In 1794, he raised the famous Gordon Highlanders. This regiment soon joined an army under the command of General Moore (1761 - 1809) in the Netherlands campaign and fought at the Battle of Bergen (1799) in which Gordon was severely wounded. He was presented with the Grand Cross of the Bath in 1820.
Gordon acceded to the titles Duke of Gordon and Earl of Norwich following the death of his father, the 4th Duke, in 1827. Like his father, Gordon was appointed Keeper of the Great Seal of Scotland and Lord Lieutenant of Aberdeenshire. He was also Governor of Edinburgh Castle, an appointment once held by the 1st Duke.

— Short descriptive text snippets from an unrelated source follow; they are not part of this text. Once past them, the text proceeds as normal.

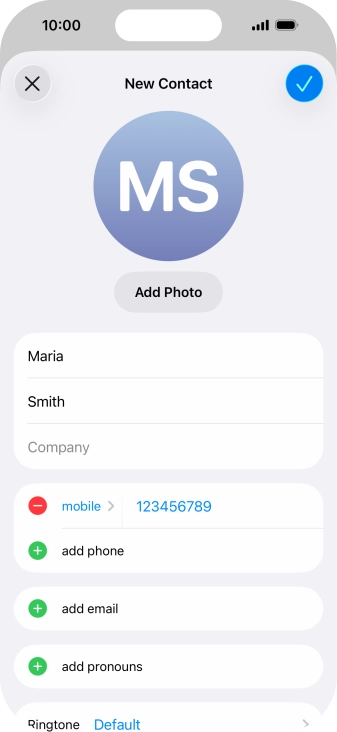 Press the confirm icon.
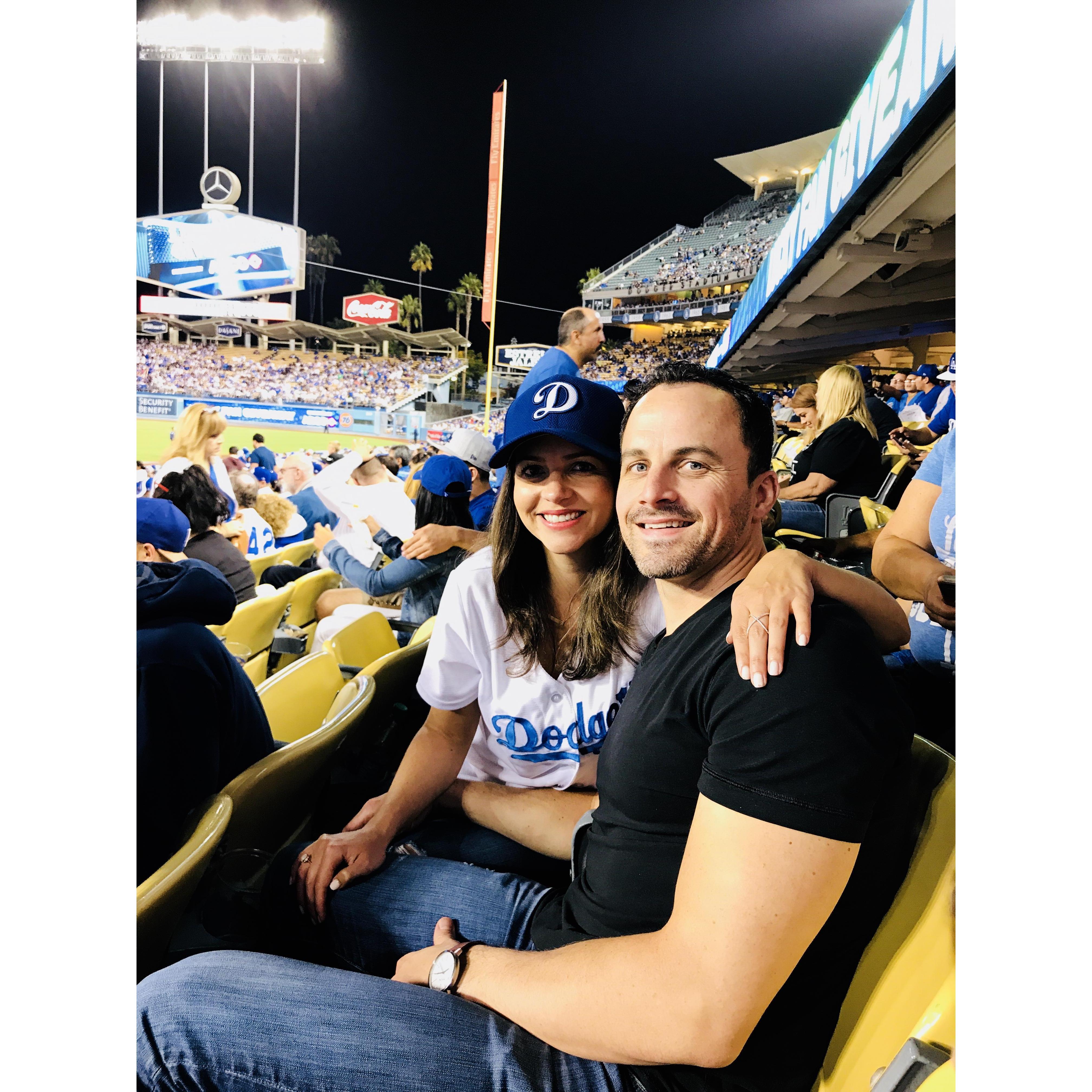 Dan's 1st Dodger game. Danielle's 289,456,342 Dodger game.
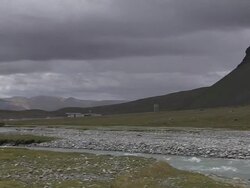 Pan Left River Flowing Lhasa Tibet China Stock Footage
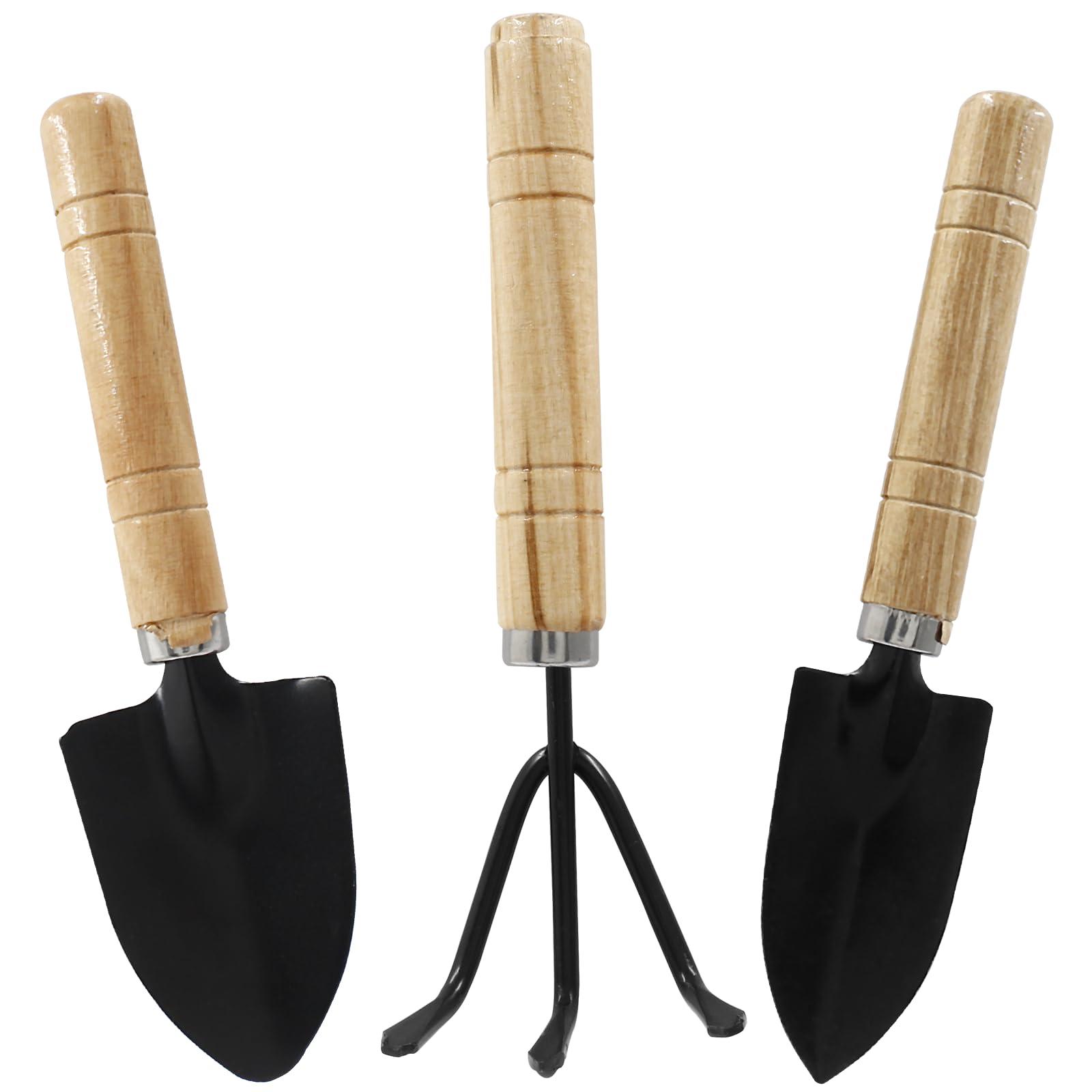Waziaqoc 3Pcs Mini Garden Tools, Small Indoor Gardening Tools Includes Hand Shovel, Transplant Spade, Hand Rake with Wood Non Slip Handle for Plant Succulent, Flower, Vegetables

Gordon married Elizabeth Brodie in 1813 and the couple spent fourteen years in Huntly Lodge before moving to Gordon Castle, when he inherited the Dukedom. He was the last Duke of Gordon in the Scottish peerage because, having no children, the title became extinct, along with the Earldom of Norwich. His estates were inherited by Charles, 5th Duke of Richmond, a nephew, who went on to assume the surname and the arms of Gordon.
Gordon lies buried near his father at Elgin Cathedral and is remembered by a monument on a hill by Elgin, comprising a column topped by a statue.